What is expected – From the data below, please reproduce exactly everything from the line that contains "Taylor Made Stow" down to the line that contains "MEDIO ORIENTE |", with both ends included.

Dataset entries –
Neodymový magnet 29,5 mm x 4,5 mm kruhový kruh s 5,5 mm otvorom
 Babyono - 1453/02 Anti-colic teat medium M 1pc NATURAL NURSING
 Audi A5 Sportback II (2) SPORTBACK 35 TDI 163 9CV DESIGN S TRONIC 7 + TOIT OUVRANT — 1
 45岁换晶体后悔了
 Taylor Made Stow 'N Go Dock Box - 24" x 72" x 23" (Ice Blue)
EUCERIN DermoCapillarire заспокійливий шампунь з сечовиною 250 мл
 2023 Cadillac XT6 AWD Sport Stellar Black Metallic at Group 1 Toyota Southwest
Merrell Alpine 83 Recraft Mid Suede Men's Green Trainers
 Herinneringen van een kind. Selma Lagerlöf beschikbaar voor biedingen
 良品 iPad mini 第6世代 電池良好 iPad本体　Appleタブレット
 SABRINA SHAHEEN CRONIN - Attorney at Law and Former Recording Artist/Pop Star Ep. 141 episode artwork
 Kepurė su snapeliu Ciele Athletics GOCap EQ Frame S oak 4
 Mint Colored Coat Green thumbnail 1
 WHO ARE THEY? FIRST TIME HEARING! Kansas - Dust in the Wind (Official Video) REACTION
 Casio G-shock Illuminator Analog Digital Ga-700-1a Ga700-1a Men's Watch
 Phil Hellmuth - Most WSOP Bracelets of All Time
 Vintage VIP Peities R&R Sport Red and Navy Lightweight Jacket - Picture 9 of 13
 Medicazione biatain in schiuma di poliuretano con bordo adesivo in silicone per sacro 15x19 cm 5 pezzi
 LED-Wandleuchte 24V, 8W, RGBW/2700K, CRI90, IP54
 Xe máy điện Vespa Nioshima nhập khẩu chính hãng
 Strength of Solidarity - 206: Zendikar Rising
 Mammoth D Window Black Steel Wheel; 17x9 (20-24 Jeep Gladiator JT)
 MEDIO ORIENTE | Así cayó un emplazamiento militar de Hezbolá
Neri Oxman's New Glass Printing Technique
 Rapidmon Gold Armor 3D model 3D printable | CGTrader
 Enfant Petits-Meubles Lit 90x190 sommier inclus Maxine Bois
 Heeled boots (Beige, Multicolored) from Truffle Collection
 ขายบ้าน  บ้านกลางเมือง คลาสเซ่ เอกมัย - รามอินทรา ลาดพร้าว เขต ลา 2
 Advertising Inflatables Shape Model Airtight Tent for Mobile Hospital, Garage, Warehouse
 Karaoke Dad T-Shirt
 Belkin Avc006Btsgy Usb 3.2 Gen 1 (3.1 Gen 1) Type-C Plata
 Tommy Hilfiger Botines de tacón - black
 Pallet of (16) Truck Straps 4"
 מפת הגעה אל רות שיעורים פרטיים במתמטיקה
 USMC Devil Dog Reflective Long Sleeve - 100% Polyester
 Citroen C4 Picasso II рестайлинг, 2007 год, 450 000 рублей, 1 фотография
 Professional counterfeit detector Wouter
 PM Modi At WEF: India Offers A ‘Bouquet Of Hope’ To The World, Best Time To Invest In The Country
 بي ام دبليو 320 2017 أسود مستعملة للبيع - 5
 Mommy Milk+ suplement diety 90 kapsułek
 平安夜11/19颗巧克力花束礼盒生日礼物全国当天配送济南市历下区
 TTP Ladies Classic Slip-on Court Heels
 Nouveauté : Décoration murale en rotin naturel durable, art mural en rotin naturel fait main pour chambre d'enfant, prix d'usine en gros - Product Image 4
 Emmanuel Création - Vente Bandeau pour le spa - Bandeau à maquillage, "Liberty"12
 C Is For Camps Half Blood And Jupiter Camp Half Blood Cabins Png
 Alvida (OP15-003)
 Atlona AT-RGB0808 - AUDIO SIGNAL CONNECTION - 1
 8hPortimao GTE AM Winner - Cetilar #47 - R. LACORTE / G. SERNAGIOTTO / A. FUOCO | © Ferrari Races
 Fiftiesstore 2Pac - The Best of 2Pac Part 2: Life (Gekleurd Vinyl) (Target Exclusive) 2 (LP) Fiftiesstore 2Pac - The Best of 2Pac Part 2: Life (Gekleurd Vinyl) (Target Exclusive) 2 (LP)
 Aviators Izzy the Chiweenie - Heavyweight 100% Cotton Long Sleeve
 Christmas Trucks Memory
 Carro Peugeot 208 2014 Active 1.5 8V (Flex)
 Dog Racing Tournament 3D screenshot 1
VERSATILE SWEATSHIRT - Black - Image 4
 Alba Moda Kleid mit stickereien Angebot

Solution to this task –
 Taylor Made Stow 'N Go Dock Box - 24" x 72" x 23" (Ice Blue)
EUCERIN DermoCapillarire заспокійливий шампунь з сечовиною 250 мл
 2023 Cadillac XT6 AWD Sport Stellar Black Metallic at Group 1 Toyota Southwest
Merrell Alpine 83 Recraft Mid Suede Men's Green Trainers
 Herinneringen van een kind. Selma Lagerlöf beschikbaar voor biedingen
 良品 iPad mini 第6世代 電池良好 iPad本体　Appleタブレット
 SABRINA SHAHEEN CRONIN - Attorney at Law and Former Recording Artist/Pop Star Ep. 141 episode artwork
 Kepurė su snapeliu Ciele Athletics GOCap EQ Frame S oak 4
 Mint Colored Coat Green thumbnail 1
 WHO ARE THEY? FIRST TIME HEARING! Kansas - Dust in the Wind (Official Video) REACTION
 Casio G-shock Illuminator Analog Digital Ga-700-1a Ga700-1a Men's Watch
 Phil Hellmuth - Most WSOP Bracelets of All Time
 Vintage VIP Peities R&R Sport Red and Navy Lightweight Jacket - Picture 9 of 13
 Medicazione biatain in schiuma di poliuretano con bordo adesivo in silicone per sacro 15x19 cm 5 pezzi
 LED-Wandleuchte 24V, 8W, RGBW/2700K, CRI90, IP54
 Xe máy điện Vespa Nioshima nhập khẩu chính hãng
 Strength of Solidarity - 206: Zendikar Rising
 Mammoth D Window Black Steel Wheel; 17x9 (20-24 Jeep Gladiator JT)
 MEDIO ORIENTE | Así cayó un emplazamiento militar de Hezbolá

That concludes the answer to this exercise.